# [THE TASK]
Copy down every line of the data that follows exactly. Omit the pictures.

(Web page caption snippets)

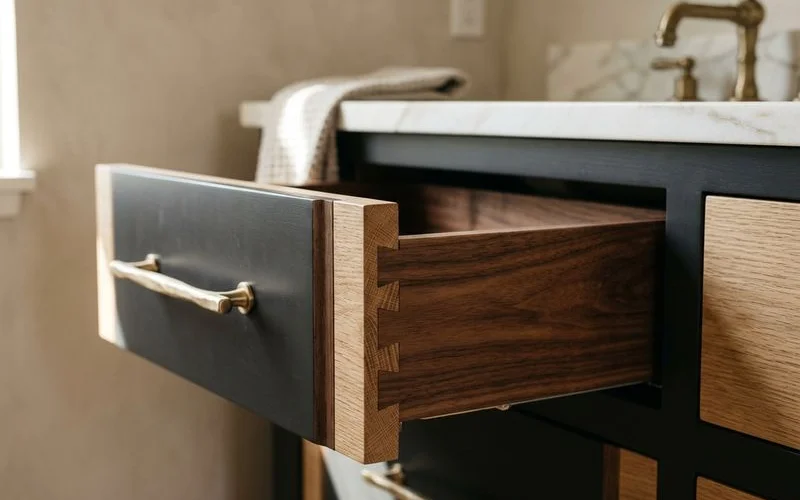 Sealed dovetailed drawer in a luxury bathroom vanity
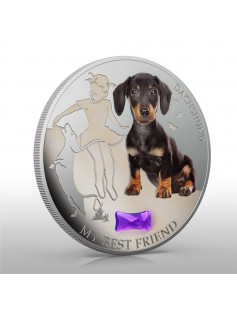 Fiji 2013 My Best Friend II Dachshunds Dogs & Cats 1 Oz Proof Silver Coin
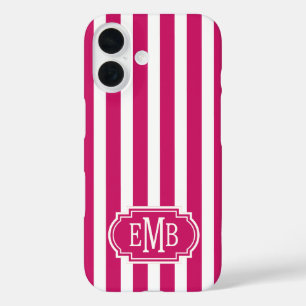 Berry and White Monogrammed Stripes iPhone 16 Case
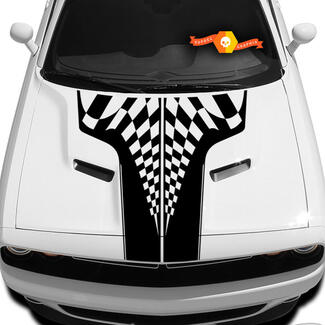 Dodge Challenger Race Checkered Hood T Aufkleber Motorhaubengrafik passend für Modelle 09 - 14
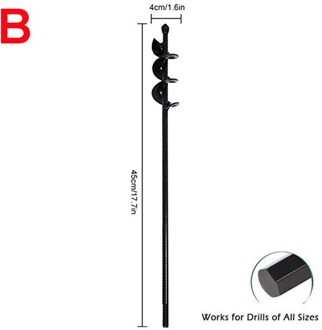 Tuin Spiraal Boor Set Antislip Hex Drive Hex Shaft Boor Post Bodem Cultivator Plantgat Digger tool 4x45cm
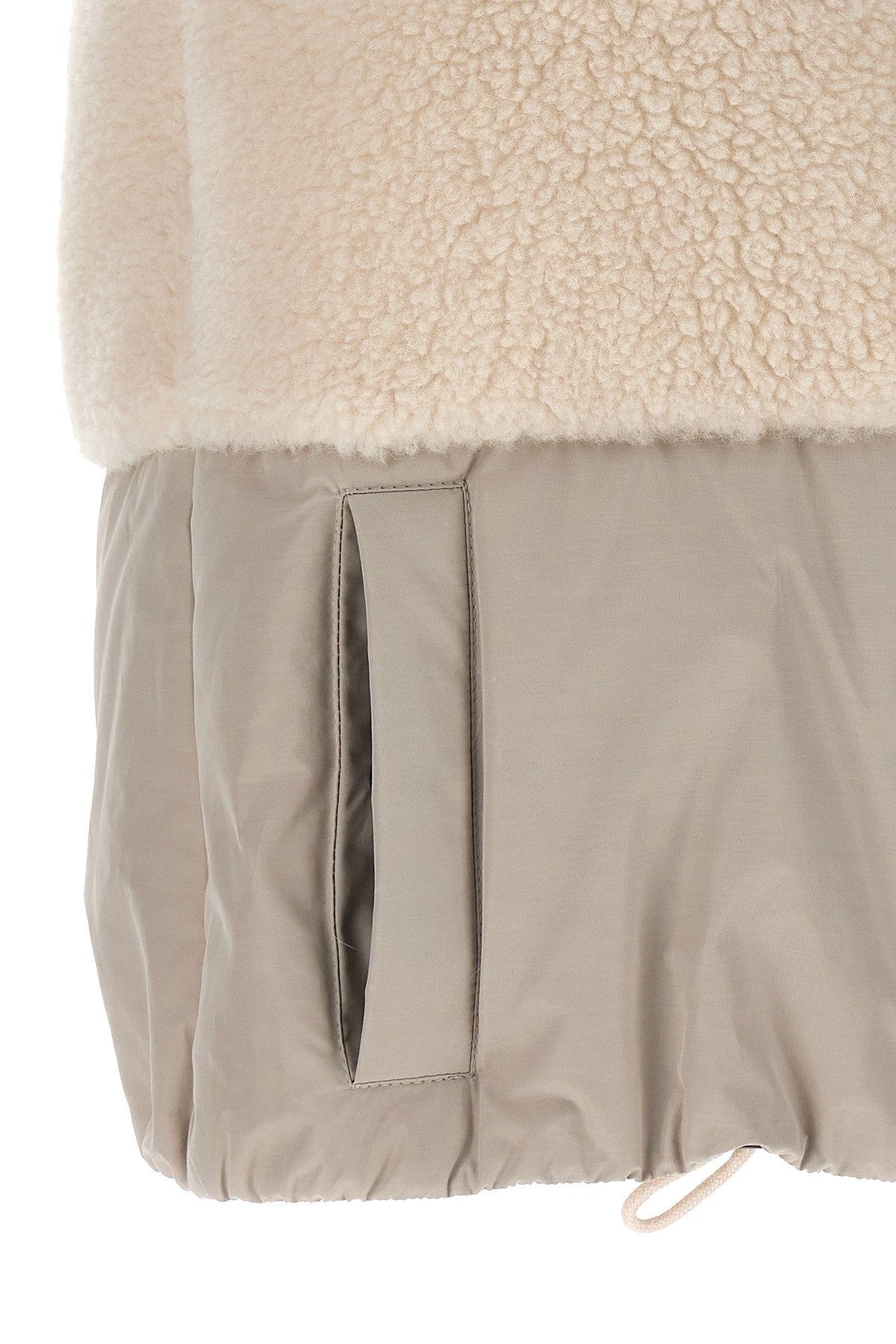 Brunello Cucinelli Teddy Detail Vest Gilet White In Nude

# [RESULT]
 Sealed dovetailed drawer in a luxury bathroom vanity
 Fiji 2013 My Best Friend II Dachshunds Dogs & Cats 1 Oz Proof Silver Coin
 Berry and White Monogrammed Stripes iPhone 16 Case
 Dodge Challenger Race Checkered Hood T Aufkleber Motorhaubengrafik passend für Modelle 09 - 14
 Tuin Spiraal Boor Set Antislip Hex Drive Hex Shaft Boor Post Bodem Cultivator Plantgat Digger tool 4x45cm
 Brunello Cucinelli Teddy Detail Vest Gilet White In Nude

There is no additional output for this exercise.